Re: [PATCH] [BZ 17588 13064] Update UTF-8 charmap and width to Unicode 7.0.0
- From: "Carlos O'Donell" <carlos at redhat dot com>
- To: Alexandre Oliva <aoliva at redhat dot com>
- Cc: Joseph Myers <joseph at codesourcery dot com>, Pravin Satpute <psatpute at redhat dot com>, Siddhesh Poyarekar <siddhesh at redhat dot com>, Mike FABIAN <mfabian at redhat dot com>, libc-alpha at sourceware dot org, Jens Petersen <petersen at redhat dot com>
- Date: Mon, 23 Feb 2015 09:25:58 -0500
- Subject: Re: [PATCH] [BZ 17588 13064] Update UTF-8 charmap and width to Unicode 7.0.0
- Authentication-results: sourceware.org; auth=none
- References: <573624784 dot 8871393 dot 1416848051220 dot JavaMail dot zimbra at redhat dot com> <orzjb3o7yf dot fsf at free dot home> <s9dy4qir6fu dot fsf at ari dot site> <orfvce7y90 dot fsf at free dot home> <s9d388duu5r dot fsf at ari dot site> <orioh35mbq dot fsf at free dot home> <20141223111038 dot GA5172 at spoyarek dot pnq dot redhat dot com> <119234933 dot 5523688 dot 1422972847328 dot JavaMail dot zimbra at redhat dot com> <or7fvnlbeo dot fsf at livre dot home> <orwq3njuvc dot fsf at livre dot home> <54E23EC9 dot 5020400 at redhat dot com> <ortwyig5xa dot fsf at livre dot home> <alpine dot DEB dot 2 dot 10 dot 1502190055460 dot 24016 at digraph dot polyomino dot org dot uk> <54E79E51 dot 70002 at redhat dot com> <or8ufscg8p dot fsf at livre dot home>
On 02/20/2015 06:31 PM, Alexandre Oliva wrote:
> On Feb 20, 2015, "Carlos O'Donell" <carlos@redhat.com> wrote:
>
>> Thus __STDC_ISO_10646__ should be 201304L (the date that ISO/EC 10646:2012
>> Amd.1 was published).
>
> Fixed in the patch below.
This change looks good to me. OK to commit.

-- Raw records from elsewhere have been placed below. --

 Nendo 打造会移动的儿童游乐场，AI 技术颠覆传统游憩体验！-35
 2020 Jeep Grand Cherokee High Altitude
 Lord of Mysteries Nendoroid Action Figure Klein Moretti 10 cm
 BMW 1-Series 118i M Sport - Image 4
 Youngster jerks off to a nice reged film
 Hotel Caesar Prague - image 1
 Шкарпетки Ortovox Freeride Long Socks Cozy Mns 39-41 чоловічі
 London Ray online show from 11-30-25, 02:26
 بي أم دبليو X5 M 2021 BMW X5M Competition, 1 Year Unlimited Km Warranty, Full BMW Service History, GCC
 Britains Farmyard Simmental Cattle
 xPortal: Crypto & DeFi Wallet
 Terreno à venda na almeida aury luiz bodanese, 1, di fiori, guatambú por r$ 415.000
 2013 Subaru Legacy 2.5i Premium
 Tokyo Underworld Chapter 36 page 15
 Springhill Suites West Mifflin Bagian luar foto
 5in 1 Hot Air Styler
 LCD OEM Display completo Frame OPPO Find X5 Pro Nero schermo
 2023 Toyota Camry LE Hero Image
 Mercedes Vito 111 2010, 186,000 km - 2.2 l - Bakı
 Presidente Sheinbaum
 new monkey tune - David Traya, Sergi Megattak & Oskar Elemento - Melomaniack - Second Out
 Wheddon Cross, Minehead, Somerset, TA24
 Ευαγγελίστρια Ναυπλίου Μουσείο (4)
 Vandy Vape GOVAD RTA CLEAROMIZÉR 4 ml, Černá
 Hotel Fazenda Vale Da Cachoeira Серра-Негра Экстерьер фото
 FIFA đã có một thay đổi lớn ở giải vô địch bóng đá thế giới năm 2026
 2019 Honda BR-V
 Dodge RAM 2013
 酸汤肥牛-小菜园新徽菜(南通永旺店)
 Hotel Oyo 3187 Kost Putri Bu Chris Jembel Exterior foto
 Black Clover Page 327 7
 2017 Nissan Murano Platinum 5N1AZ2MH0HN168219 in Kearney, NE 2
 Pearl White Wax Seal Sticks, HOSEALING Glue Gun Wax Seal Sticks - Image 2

> On Feb 19, 2015, Mike FABIAN <mfabian@redhat.com> wrote:
>
>> Mike Frysinger <vapier@gentoo.org> wrote:
>
>>> module level constants should really be in CAPS. and use a tuple to make it
>>> const.
>>> -mike
>
>> https://github.com/pravins/glibc-i18n/commit/53b81c58d220bfbb0e8faf8d4313c705826f4543
>
> Thanks, integrated. I also adjusted the copyright notices to use year
> ranges, as requested.
Thanks.
> On Feb 20, 2015, "Carlos O'Donell" <carlos@redhat.com> wrote:
>
>> One nit:
>
>> -% Character width according to Unicode 5.0.0.
>> +% Character width according to Unicode 7.0.0.
>> % - Default width is 1.
>> % - Double-width characters have width 2; generated from
>> % "grep '^[^;]*;[WF]' EastAsianWidth.txt"
>> -% and "grep '^[^;]*;[^WF]' EastAsianWidth.txt"
>> % - Non-spacing characters have width 0; generated from PropList.txt or
>> % "grep '^[^;]*;[^;]*;[^;]*;[^;]*;NSM;' UnicodeData.txt"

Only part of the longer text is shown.